- Written by: Ward Morehouse
- Original language: English
- Subject: Journalism
- Genre: Comedy

Premiere
- Date premiered: August 27, 1928
- Place premiered: Henry Miller's Theatre

= Gentlemen of the Press (play) =

1928 play by Ward Morehouse

Gentlemen of the Press is a three-act play written by Ward Morehouse. Producers Thomas E. Jackson and H. S. Kraft opened it on Broadway at Henry Miller's Theatre on August 27, 1928. George Abbott directed the production, which ran for 128 performances.
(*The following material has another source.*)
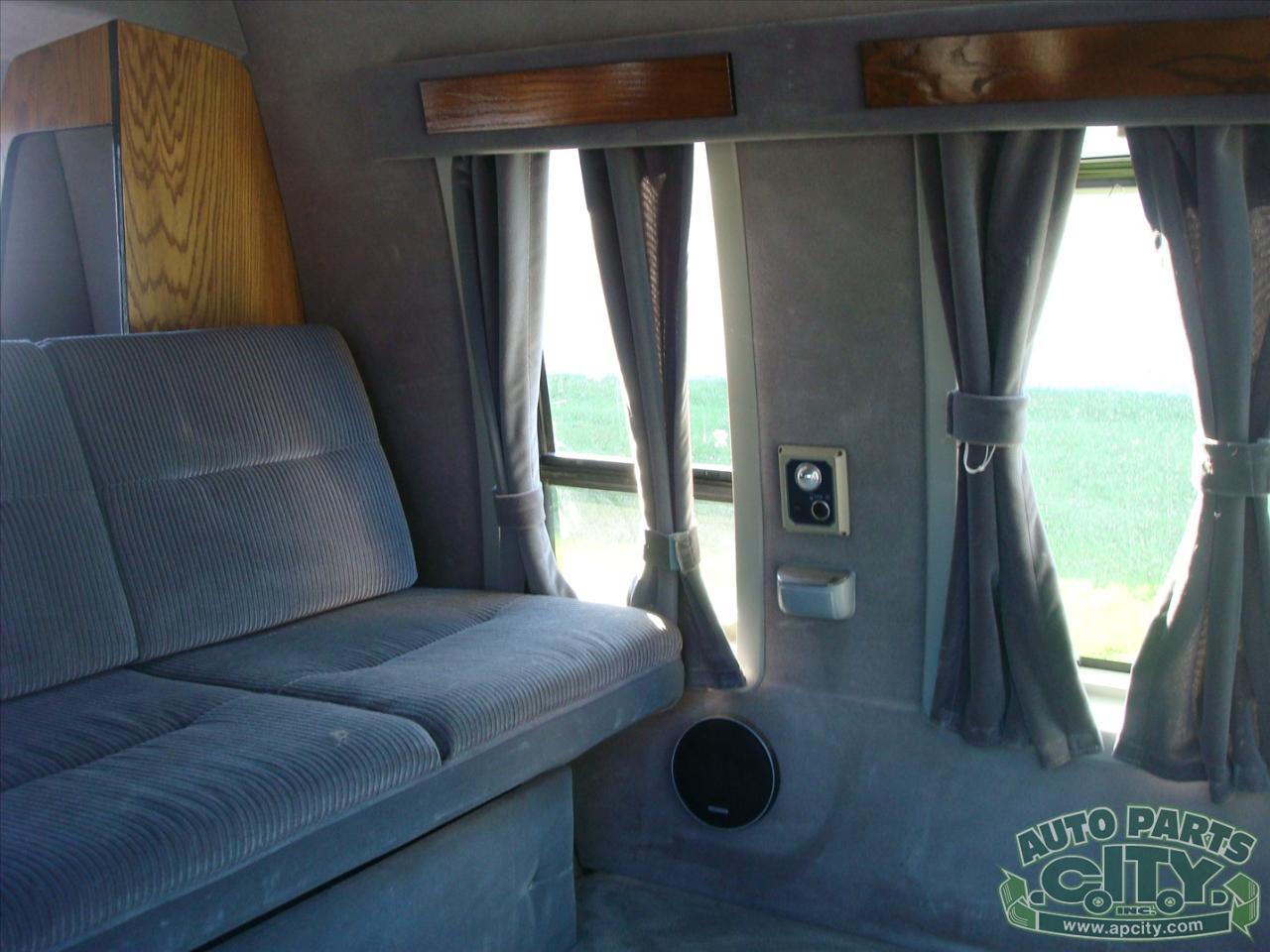 Dodge Ram Van B250 1988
The play is a comedy about Wick Snell, a journalist who decides to take a job as a publicist for a real estate firm. After a dispute with his new boss, Snell goes back to journalism.
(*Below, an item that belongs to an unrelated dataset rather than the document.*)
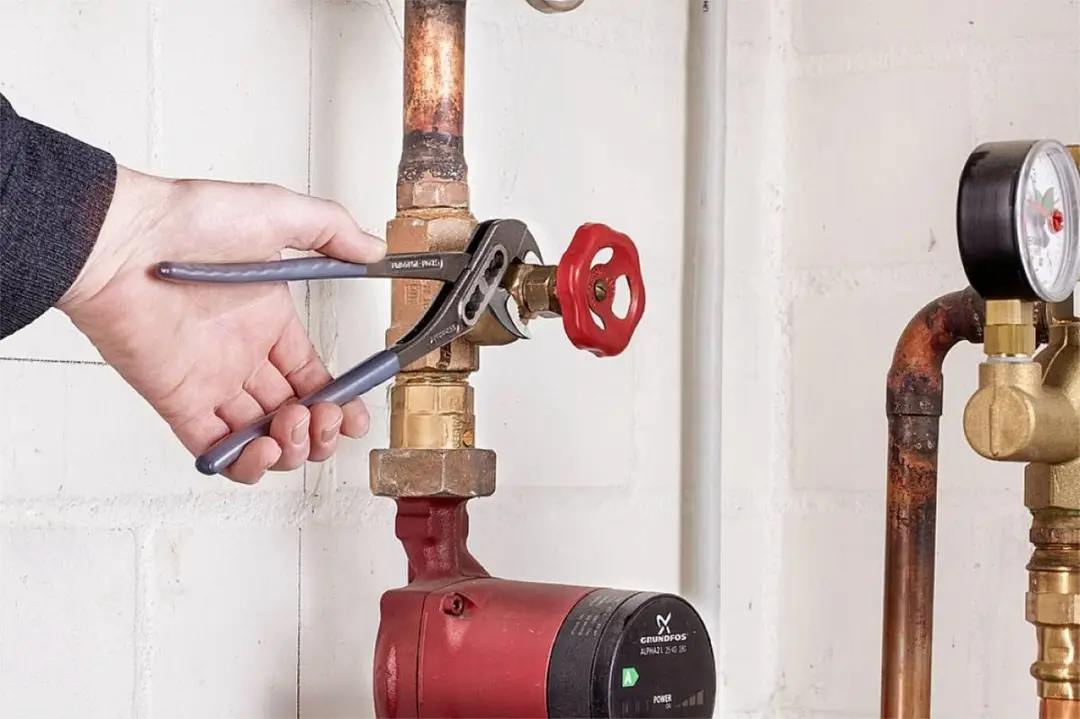 KWB Waterpomptang 240mm - Softgrip - Doorgestoken scharnier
Morehouse was a journalist who had worked for several different newspapers. The main character in Gentlemen of the Press was inspired by one of his co-workers who frequently complained about the difficulties of working in journalism.

==Cast and characters==
The characters and opening night cast from the Broadway production are given below:

Opening night cast
| Character | Broadway cast |
|---|---|
| Wick Snell | John Cromwell |
| Charlie Haven | Hugh O'Connell |
| Myra May | Helen Flint |
| Braddock | Granville Bates |
| Ted Hanley | Paul Clare |
| Sweezer | Elmer Cornell |
| Riggs | Harry Cronk |
| Bellflower | Russel Crouse |
| Ollie Wilkins | J. Hammond Dailey |
| Haley | Harold Grau |
| Western Union Messenger | Louis Halprin |
| Night Porter | A. O. Huhn |
| Second Waiter | George Humbert |
| Pansy True | Carlotta Irwin |
| Dorothy Snell | Betty Lancaster |
| Cutler | Lawrence Leslie |
| Alonzo | Harry Levian |
| First Waiter | Thomas A. Linker |
| McBee | Millard Mitchell |
| Britt | Allan Nagle |
| Pop Blalock | John Paschall |
| Kelly | William Pawley |
| Abner Pennyfather | Duncan Penwarden |
| McManahan | Francis Pierlot |
| Copy Boy | Billy Quinn |
| Vickery | George Spelvin, Jr. |
| Kenner | J. H. Stoddart |
| Fitzgerald | Cornelius Vezin |
| Branch | Philip Wood |

==Adaptations==
Paramount Pictures adapted the play as a film of the same name in 1929, directed by Millard Webb. Walter Huston starred as Snell.